8/8/17

GUILLERMO ENRIQUE HUDSON

LA TIERRA PURPÚREA


CIENTOVIGÉSIMA ENTREGA


XXIX /  DE VUELTA A BUENOS AIRES (5)



¡Pobre Demetria! Sin dársele tiempo para reflexionar, había decidido, con mucho tino, aceptar al instante la oferta de su influyente y circunspecto pariente; pero le costó separarse de sus amigos de un modo tan desprevenido, y cuando volvió, pronta para irse, la separación la afligió mucho. Con los ojos arrasados en lágrimas, le dijo adiós a Paquita, pero cuando me tomó la mano, sus temblorosos labios guardaron silencio. Por último dirigiéndose a las visitas y venciendo con un gran esfuerzo su emoción, balbuceó:


-Le debo a este joven amigo, quien ha sido como un hermano conmigo, el haberme escapado de una triste y dificilísima situación y el estar aquí entre parientes.


El señor Villaverde escuchó e inclinó la cabeza en mi dirección, pero sin que su severa y plácida cara tomara una expresión más suave, mientras que sus fríos ojos grises parecían atravesarme y estar mirando a algo detrás de mí.


Su comportamiento para conmigo me desesperaba, ¡pues qué grande debía de ser su desaprobación de mi conducta, al fugarme con la hija de su amigo, cuando no le permitía sonreírme ni dirigirme una cariñosa palabra para agradecerme todo lo que había hecho por su parienta! ¡Y esto era sólo un reflejo de la indignación de mi suegro!


Fuimos hasta el coche para despedirlos, y entonces, encontrándome por un momento al lado de una de las jóvenes traté de obtener algunas noticias.


-Hágame el favor, señorita -dije, de decirme qué es lo que usted sabe respecto a mi suegro.

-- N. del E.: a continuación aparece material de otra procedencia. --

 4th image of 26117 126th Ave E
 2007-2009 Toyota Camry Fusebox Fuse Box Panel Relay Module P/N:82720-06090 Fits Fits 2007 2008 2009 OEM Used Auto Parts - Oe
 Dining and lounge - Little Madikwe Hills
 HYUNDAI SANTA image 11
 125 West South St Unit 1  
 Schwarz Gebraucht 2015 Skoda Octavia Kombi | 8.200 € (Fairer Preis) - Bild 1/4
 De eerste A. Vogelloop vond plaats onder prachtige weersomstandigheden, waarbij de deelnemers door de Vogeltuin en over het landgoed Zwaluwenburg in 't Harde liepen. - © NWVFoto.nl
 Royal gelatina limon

Si es algo muy grave, le prometo no decirle una palabra de ello a Paquita; entonces, inclinándose hacia mí, me susurró:


-¡Ay, amigo mío, es implacable! Lo siento en el alma por Paquita.


Luego añadió, con una sonrisa de incorregible coquetería:


-Y también por usted.


Se alejó el carruaje y los ojos de Demetria, al mirar en mi dirección, estaban anegados en lágrimas, mientras en los ojos del señor Villaverde, que también miraba para atrás, había una expresión que no me auguraba nada bueno. Tal vez su sentimiento fuese natural, por ser el padre de dos hijas muy lindas.


¡Implacable! ¡Y ahora no había un mar ni de color de Plata ni de color de ladrillo que nos separara! Al volver a la Argentina, tendría que someterme a las leyes que había quebrantado, al casarme con una joven menor de edad sin el consentimiento de su padre. La persona que en Inglaterra se fuga con una menor bajo tutela no es más delincuente de lo que era yo. Mi suegro me tenía ahora a su arbitrio: haría que se castigara, encarcelándome por un tiempo indefinido, y si no pudiese amilanarme, podría por lo menos partirle el corazón a su desdichada hija. Aquellos agrestes y turbulentos días en la Tierra Purpúrea se me presentaban ahora como días muy felices y apacibles, y los amargos días sin ningún placer, estaban sólo por empezar. ¡Implacable!


Levantando de repente la vista, encontré los ojos violetas de Paquita mirándome triste e interrogativamente.


-Dime la verdad, Ricardo, ¿qué has oído?


Fingí una sonrisa, y tomándole la mano, le aseguré que no había oído nada que pudiese inquietarla.



-Ven -dije-, entremos y preparémonos para irnos de aquí mañana mismo. Volveremos a la estancia de tu padre, porque cuanto más pronto se realice la entrevista que tú anhelas, tanto mejor será para todos.